In the procedural visualization of Barbosa’s conception, the écrit-lecteur switches quickly between Author and Reader positions while they finalize the data files looking at the result on their computer. For Barbosa, at this time, the author is both an author and a reader.
1.7.2 The écrit-lecteur as meta-reading
Barbosa’s point of view is not compatible with the procedural model hypothesis that an actor doesn’t communicate with themselves. In fact, the écrit-lecteur does not read as a Reader does in narrow reading. They only verify properties of the texte-à-voir they detect in the transitoire observable displayed on their own computer. It is not reading but verification. It is clearly an activity of meta-reading. While the actor finalizes the data files, they quickly switch between the meta-reading of watching the texte-à-voir knowing the texte-auteur, and the modification of the source in the Author position. Note that at this moment in time, there is no Reader position at all.
This behavior is internal to the Author position in the whole dispositif including the Reader position. It participates in its sub-system. When finalized, the source is classically sent to an apparatus toward a Reader for narrow reading.
Barbosa is not the programmer of syntext, only of data the program uses for running. Syntext was programmed by Abílio Cavalheiro who takes on the technical agents position in both apparatuses.
This écrit-lecteur always occurs in Author position in programmed e-lit; any author checks the result of their program by running it on their own computer in an écrit-lecteur behavior.
2. Semiotics treatments in the procedural model
2.1 Spaces of signs and signifying spaces
2.1.1 Spaces of sign vs signifying spaces
A space of sign for an actor is a space in which the actor can perceive signs. But an actor can also attribute meaning to a space they do not perceive. This space is called a signifying space for the actor.
The structural schema shows different potential spaces that are signs or signifying spaces, depending on the position the actor joins: the texte-à-voir, the texte-auteur and the Reading activity in narrow reading. Technical agent activity is also a space of signs in a performance. The internal transformation in the apparatus can also be a signifying space in all positions.
Author’s, Reader’s documents and second discourses are also signs.
2.1.2 Impact of signifying spaces on interpretation
The transformation inside the apparatus is not a space of signs because no human being can show it, but it can be a signifying space. One can give meaning to this transformation because it is indexed in the texte-auteur (the program) and in the texte-à-voir. Several authors have made works precisely about this feature. I think of Sandy Baldwin’s Ping Poetics (2009) and of my adaptive generation (alire 7, 1994; Bootz, 2003). In Ping Poetics, Baldwin regards the apparatus as the time and space of his digital being. This meaning is indexed in both the texte-auteur and the texte-à-voir a meta-reader can perceive.
In adaptive generation, I regard the apparatus as the location of a conflict between the author’s intentionality delegated to the program and the intentionality the technical agents cause. This meaning is indexed only in the texte-auteur, the program. It cannot be perceived from the Reader position.

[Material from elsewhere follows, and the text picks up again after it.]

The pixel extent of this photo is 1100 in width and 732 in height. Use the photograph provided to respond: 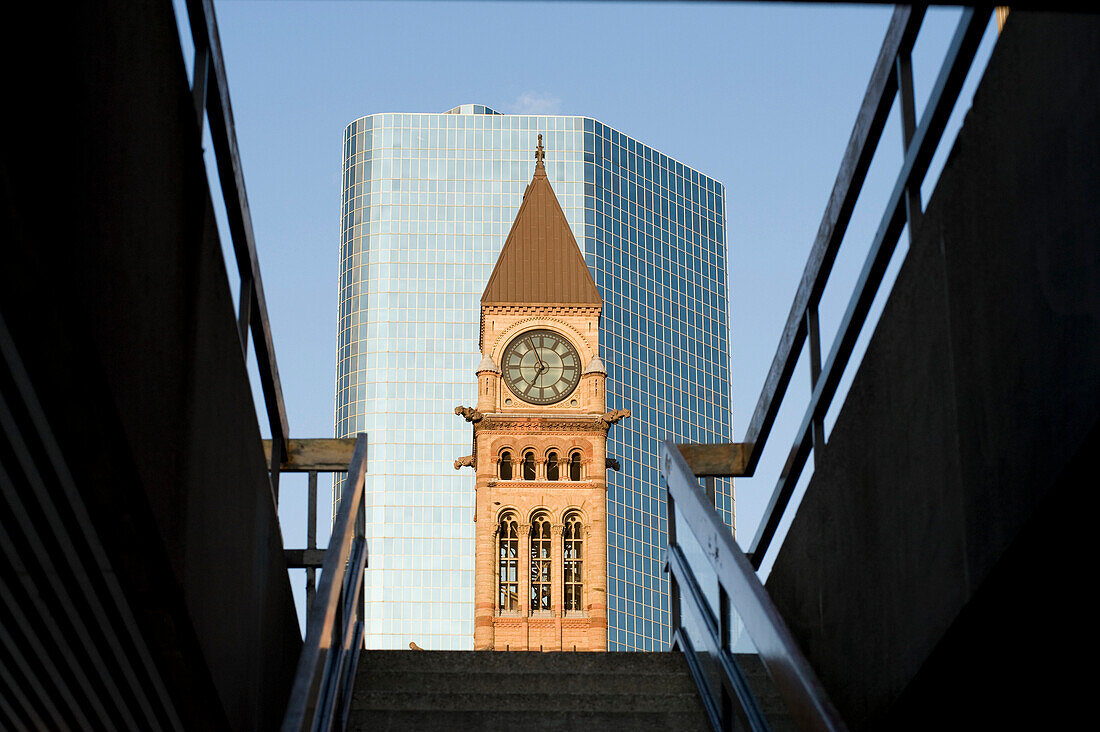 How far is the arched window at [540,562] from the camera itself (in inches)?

The behavior of the apparatus is a signifying space in the material metaphors Katherine Hayles introduces in her technotext theory. For instance, in Jean-Marie Dutey’s work Le mange-texte (1989), one material metaphor is due to obsolescence. A message error is displayed when one tries to run the program on current computers because it is an old DOS program. This error message comes from the OS, but one must consider that this message is inscribed in the transitoire observable of the work, even if this transitoire observable has no longer a causal relationship with the source. The causal link between the source and a transitoire observable this source logically describes is totally broken even though the transitoire observable exists. The work is obsolete for the Reader position, because they has access to nothing besides an error message, but not for a meta-reader. A meta-reader can rebuild from the texte-auteur the linguistic text that should logically appear in the texte-à-voir. This linguistic text uses the deictic “you” and it seems that the program talks to the Reader from the inside of the apparatus. The meta-reader can then interpret the impossibility to read the text in the narrowest reading imaginable; namely: as a material metaphor of death. In this material metaphor, the Reader position metaphorically plays the dead situation the text would express. The work cannot become obsolete for a meta-reader.

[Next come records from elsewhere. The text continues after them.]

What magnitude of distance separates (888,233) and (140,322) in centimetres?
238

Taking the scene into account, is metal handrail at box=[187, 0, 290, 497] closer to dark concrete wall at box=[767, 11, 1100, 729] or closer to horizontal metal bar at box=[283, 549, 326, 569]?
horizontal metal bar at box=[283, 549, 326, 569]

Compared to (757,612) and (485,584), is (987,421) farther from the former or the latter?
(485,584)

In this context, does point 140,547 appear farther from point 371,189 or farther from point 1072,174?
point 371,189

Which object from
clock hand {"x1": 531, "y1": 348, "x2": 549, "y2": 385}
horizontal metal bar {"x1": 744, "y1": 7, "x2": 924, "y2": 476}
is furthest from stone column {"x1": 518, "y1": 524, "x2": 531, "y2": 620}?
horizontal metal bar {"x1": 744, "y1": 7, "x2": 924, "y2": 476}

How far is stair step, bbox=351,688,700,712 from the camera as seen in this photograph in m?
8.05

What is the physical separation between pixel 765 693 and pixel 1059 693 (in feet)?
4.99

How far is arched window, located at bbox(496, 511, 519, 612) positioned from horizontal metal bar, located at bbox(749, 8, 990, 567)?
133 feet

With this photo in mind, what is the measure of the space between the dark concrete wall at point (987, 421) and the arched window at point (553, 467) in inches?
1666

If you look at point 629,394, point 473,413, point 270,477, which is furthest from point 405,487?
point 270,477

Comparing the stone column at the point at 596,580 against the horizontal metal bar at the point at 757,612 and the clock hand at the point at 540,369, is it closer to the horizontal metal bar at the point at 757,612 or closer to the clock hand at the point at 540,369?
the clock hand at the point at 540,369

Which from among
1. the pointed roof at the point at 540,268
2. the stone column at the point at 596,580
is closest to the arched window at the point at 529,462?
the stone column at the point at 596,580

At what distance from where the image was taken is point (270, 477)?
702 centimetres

In general, as narrow reading activity is a space of signs for meta-reading, it is impossible not to read because the reader in the Reader position does not read the texte-à-voir from the outside of the work as they do in reading a book, they read inside the work for a meta-reader, even if nobody occupies the meta-reading position. Only the fact that meta-reading is a position in the dipositive makes this feature actual: it is impossible for you not to read a digital work you run. Just as it is not necessary for a book to be actually read for its text to make sense to a hypothetical reader, it is not necessary for the narrow reading activity to be actual for it to make sense to a hypothetical meta-reader.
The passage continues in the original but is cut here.